In the United States, energy consumption represents a critical aspect of human activity, and it is strongly associated with CO₂ emissions [9]. It should be noted that the total primary energy consumption in the U.S. witnessed a significant increase from 97 quadrillion British thermal units (BTU) in 2021 to 100 quadrillion BTU in 2022 [10]. This escalation in energy consumption further emphasizes the necessity for accurate methodologies to quantify and predict CO₂ emissions to better understand the environmental impact of human energy consumption [11]. The development of a reliable methodology for the calculation and forecasting of CO₂ emissions is of paramount importance.
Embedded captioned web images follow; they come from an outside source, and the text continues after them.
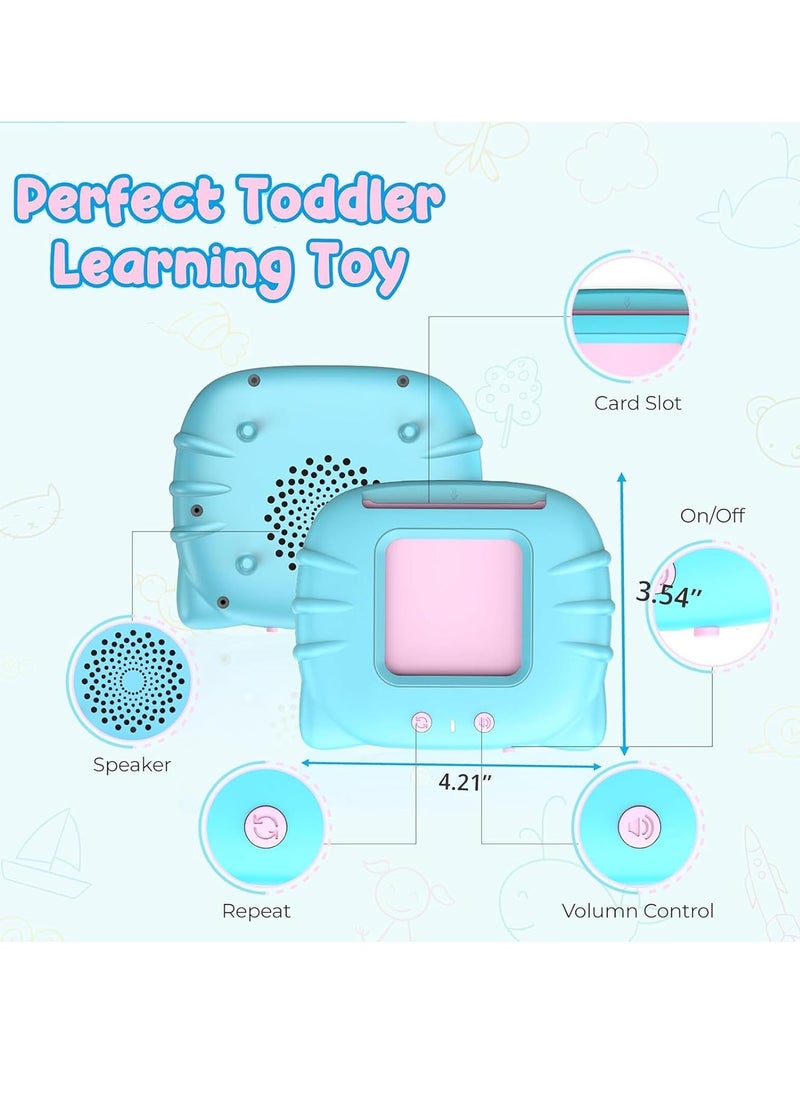 Arabic English Learning Toys,510 Words Baby Talking Flash Cards, Preschool Learning Toy for Toddlers, Speech Therapy Montessori Toys for 3-6 Year Old Boys Girls Birthday Gifts(Blue)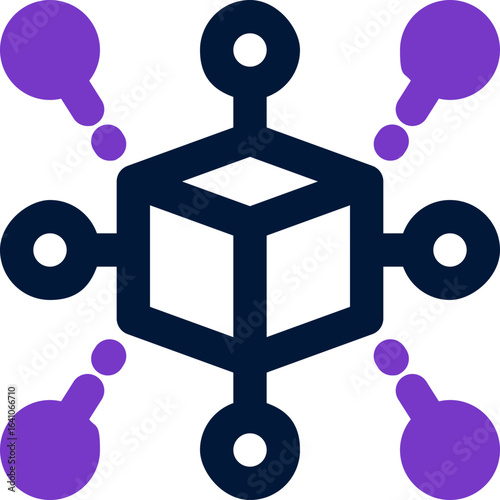 blockchain duotone icon. Sleek and modern vector icon for websites, mobile apps, marketing materials, and corporate design. Fully scalable and ready to use.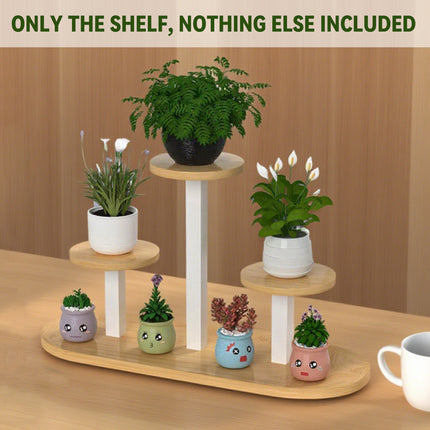 Desktop Window Sill Multi-Tier Plant Stand Shelf Sturdy Space-Saving Home Office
Precise calculations lead to essential data for policymakers, scientists, and researchers to make informed decisions and craft effective strategies for mitigating global warming [12]. Additionally, forecasting future CO₂ emissions allows for the assessment of potential scenarios and the formulation of targeted measures to minimize the adverse effects of climate change.

To date, different machine learning methods have been successfully applied to estimate the carbon footprint and conduct other environmental impact studies [13,14]. The application of machine learning in these fields has received a lot of attention, including investigating the environmental impact characterization factors, estimating CO₂ emissions, and managing energy sustainability. Kumari and Singh [15] highlighted India’s high CO₂ emission levels and their potential detrimental effects on the environment. Their study explored six models, including statistical, machine learning, and deep learning-based models, based on time-series data from 1980 to 2019. The performance analysis concludes that the long short-term memory (LSTM) model outperforms others and is recommended as the most suitable for predicting CO₂ emissions. Ahmed, Shuai, and Ahmed [16] investigated the increasing greenhouse gas emissions driven by energy consumption, particularly in China, India, the USA, and Russia. The study forecasted greenhouse gas emissions from 2019 to 2023, employing advanced machine learning algorithms. The LSTM model demonstrated promising accuracy in predicting CO₂, methane, and nitrous oxide (N₂O) emissions for these countries. Yamaka, Phadkantha, and Rakpho [17] proposed using three machine learning models (LASSO regression, Ridge regression, and Elastic net regression) to understand the economic and energy impacts on climate change through greenhouse gas emissions in China and the USA. These models can effectively address the limitations of the ordinary least squares (OLS) model, facilitating a deeper exploration of the economic and energy influences on greenhouse gas emissions. Mardani, Liao, Nilashi, Alrasheedi, and Cavallaro [18] presented a methodology for predicting CO₂ emissions, with a specific focus on energy consumption and economic growth as pivotal factors. The study employed clustering and machine learning techniques in conjunction with dimensionality reduction for precise predictions. Through the application of the self-organizing map clustering algorithm, data were organized into clusters, and prediction models were constructed using the adaptive neuro-fuzzy inference system and artificial neural networks for each cluster. This approach facilitated accurate predictions for the Group of 20 (G20) countries, taking into account economic growth and energy consumption.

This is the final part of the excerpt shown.